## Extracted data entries
== == ==

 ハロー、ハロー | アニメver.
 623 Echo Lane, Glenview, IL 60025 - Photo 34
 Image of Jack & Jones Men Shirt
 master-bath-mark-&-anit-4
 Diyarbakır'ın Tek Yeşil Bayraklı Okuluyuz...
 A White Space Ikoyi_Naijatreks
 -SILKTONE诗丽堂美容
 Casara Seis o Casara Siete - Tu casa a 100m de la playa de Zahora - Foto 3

== == ==

## Exercise requirements
Whatever appears in the records must be returned exactly.

## Exercise output
 ハロー、ハロー | アニメver.
 623 Echo Lane, Glenview, IL 60025 - Photo 34
 Image of Jack & Jones Men Shirt
 master-bath-mark-&-anit-4
 Diyarbakır'ın Tek Yeşil Bayraklı Okuluyuz...
 A White Space Ikoyi_Naijatreks
 -SILKTONE诗丽堂美容
 Casara Seis o Casara Siete - Tu casa a 100m de la playa de Zahora - Foto 3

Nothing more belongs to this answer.